本記事では、分散分析の基本概念からPythonでの実践方法までを解説し、初心者でも理解できるように説明します。

F値とF分布について|統計的仮説検定

一元分散分析 (One-way ANOVA) は、1つの因子によって群が分けられたデータを分析するための方法です。

F値と呼ばれる統計量を使い、帰無仮説と対立仮説を検討します。

$$F value= \frac{\frac{群間の平方和}{群間の自由度}}{\frac{群内の平方和}{群内の自由度}}$$

群間の平方和 (SSB: Sum of Squares Between) は、各群の平均値が全体の平均値からどれだけずれているかを表します。

群内の平方和 (SSW: Sum of Squares Within) は、各群内のデータがその群の平均値からどれだけずれているかを表します。

群間の自由度 (df_between) は、群の数から1を引いた値で計算されます(群数 – 1)。

群内の自由度 (df_within) は、全データ数から群数を引いた値で計算されます(全データ数 – 群数)。

そしてこのF値は F分布に従います。

そしてF分布は、2つの自由度に従います。群間の自由度と群内の自由度です。

$$F value= \frac{\frac{群間の平方和}{df_{between}}}{\frac{群内の平方和}{df_{within}}}〜F(df_{between}, df_{within})$$

帰無仮説 (H0): 各群の母平均は等しい。

対立仮説 (H1): 少なくとも1つの群の母平均が他の群と異なる。

具体的な例で言うと、何らかの介入(広告や高等教育の実施、新薬の投与)によって平均値に意味のある差が生まれたかどうかを判断します。

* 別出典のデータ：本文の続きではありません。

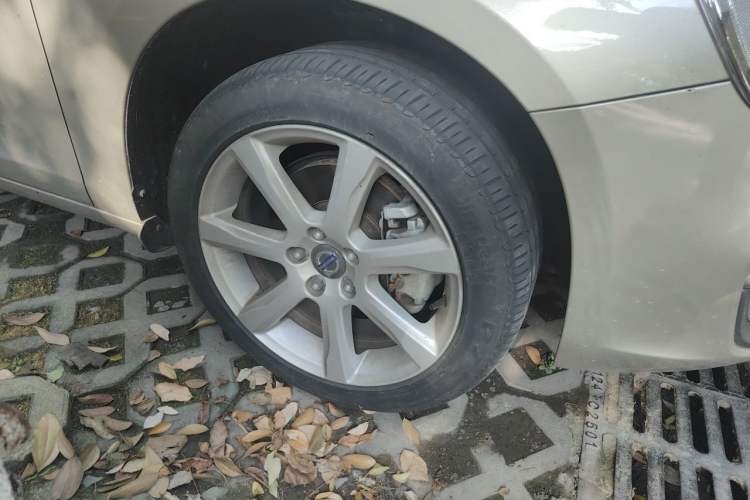 Used Volvo S60 2017 S60L T5 Intelligent Drive Edition Right Front Wheel Hub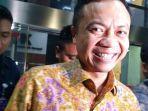 rahmat-santoso-di-pelataran-gedung-merah-putih-kpk.jpg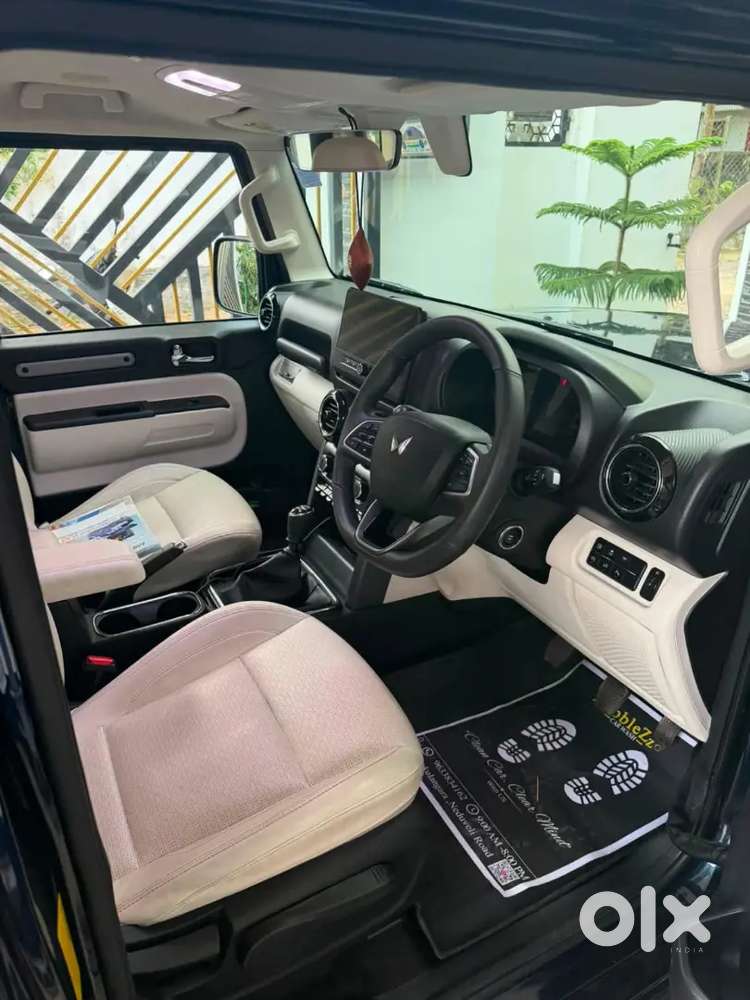 Mahindra Thar Roxx Petrol 2025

p値が有意水準(例: 0.05)より小さい場合、帰無仮説を棄却し、対立仮説を採択します。

分散分析で分かるのは、「どの水準にも差はないのでしょうか?」という帰無仮説が否定された場合、「水準間に差はあります。ただし、どの水準とどの水準の間の差が有意かまでは分からないです。」というところまでです。

CODE|python

3群のデータを用意して、平均値に差があるかどうか確認します。

データは、以下のようにします。

group1group2group3
生徒1122232
生徒2152434
生徒3162636
生徒4182838
生徒5203040

group1:補修を受けないクラスのテストの点数

group2:A先生の補修を受けたクラスのテストの点数

group3:B先生の補修を受けたクラスのテストの点数

import numpy as np
import pandas as pd
import scipy.stats as stats

#データを準備します。以下は3つの群のデータを示しています。
group1 = [12, 15, 16, 18, 20]
group2 = [22, 24, 26, 28, 30]
group3 = [32, 34, 36, 38, 40]

#一元分散分析を実行し、F値とp値を求めます。
f_value, p_value = stats.f_oneway(group1, group2, group3)
print("F値:", f_value)
print("p値:", p_value)

#p値が有意水準より小さいかどうかを判断します。
alpha = 0.05
if p_value < alpha:
    print("帰無仮説を棄却し、対立仮説を採択。")
else:
    print("帰無仮説を採択。")
F値: 50.34931506849327
p値: 1.4573895567680738e-06
帰無仮説を棄却し、対立仮説を採択。

さて、有意な差はあるようです。

先ほど申し上げた通り、分散分析の有意では「どの群間に有意差があるかわからない」です。

一元分散分析で帰無仮説が棄却された場合、どの群間に有意な差があるかを特定するために、多重比較が必要になります。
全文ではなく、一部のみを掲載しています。